REQUIRED WORK
Every entry below should be reproduced exactly; no picture is to be included.

PROVIDED RECORDS

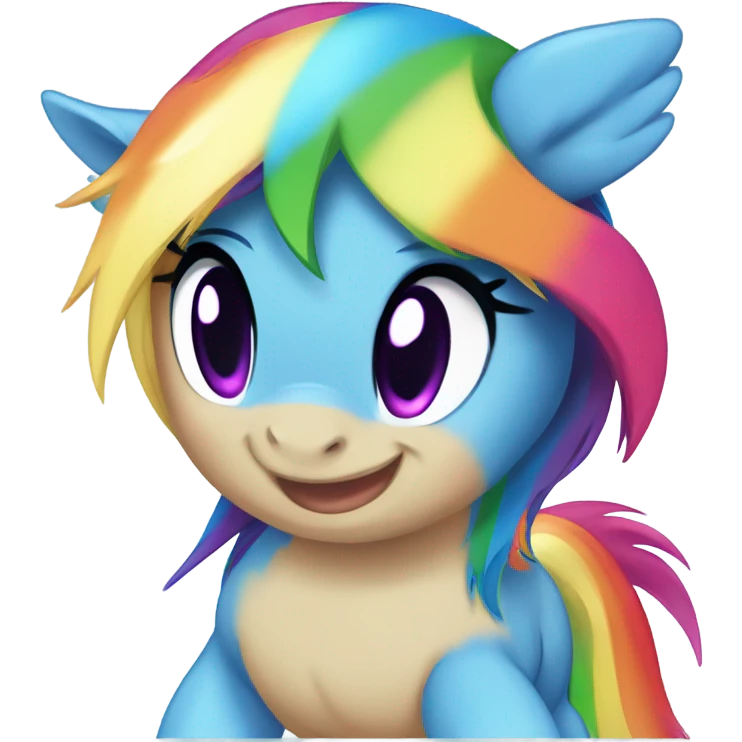 baby rainbow dash in hyper and party  emoji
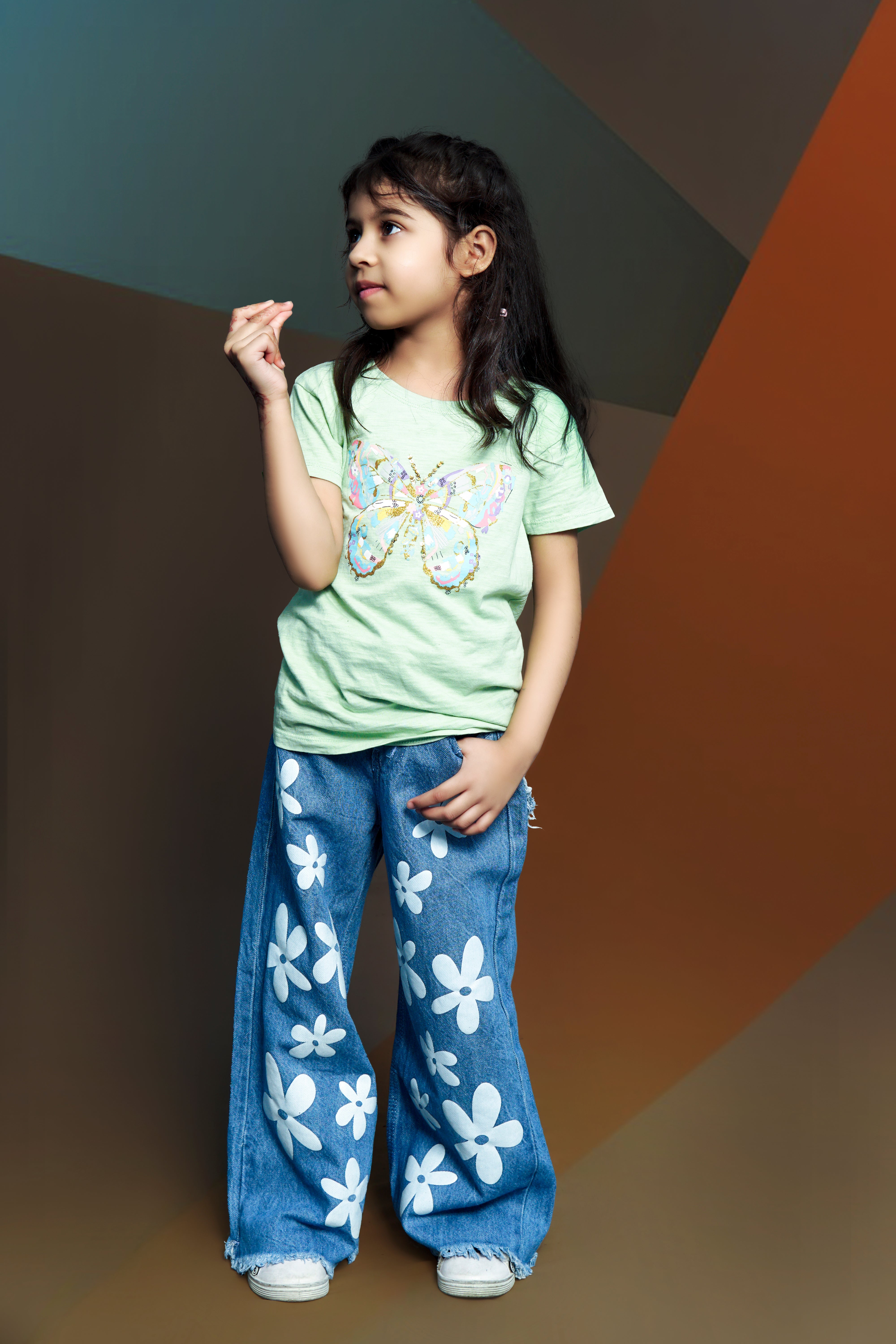 Sky blue Wide leg Flower Printed Jeans for Kids🌸🫶❤️🔥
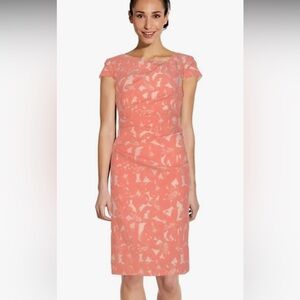 Adrianna Papell coral tropical flower metallic cocktail sheath dress size 8 NWT
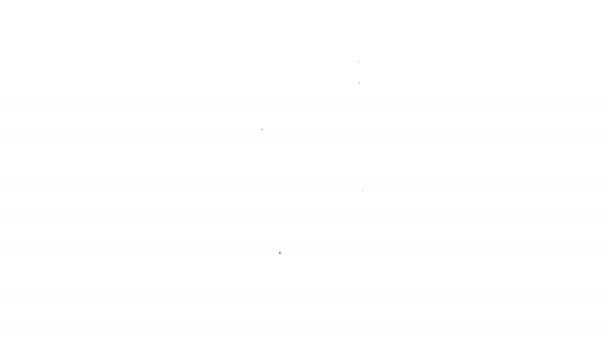 Schwarze Tüte mit Foodline-Symbol auf weißem Hintergrund. Futter für Tiere. Tierfutter-Paket. 4k Video Motion Graphic Animation — Stockvideo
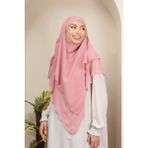 Mihrisina Collection Sufle Tesettür Khimar Şal Orta Boy - Standart - 00406 Pembe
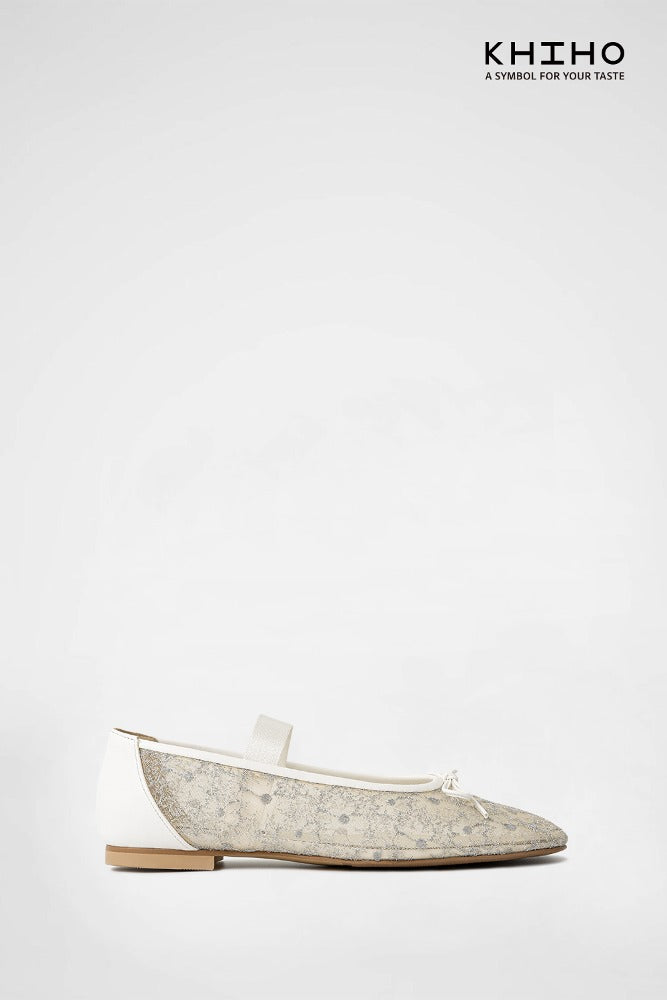 FLOWER MESH  BALLERINA FLAT / WHITE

EXERCISE RESULT
 baby rainbow dash in hyper and party  emoji
 Sky blue Wide leg Flower Printed Jeans for Kids🌸🫶❤️🔥
 Adrianna Papell coral tropical flower metallic cocktail sheath dress size 8 NWT
 Schwarze Tüte mit Foodline-Symbol auf weißem Hintergrund. Futter für Tiere. Tierfutter-Paket. 4k Video Motion Graphic Animation — Stockvideo
 Mihrisina Collection Sufle Tesettür Khimar Şal Orta Boy - Standart - 00406 Pembe
 FLOWER MESH  BALLERINA FLAT / WHITE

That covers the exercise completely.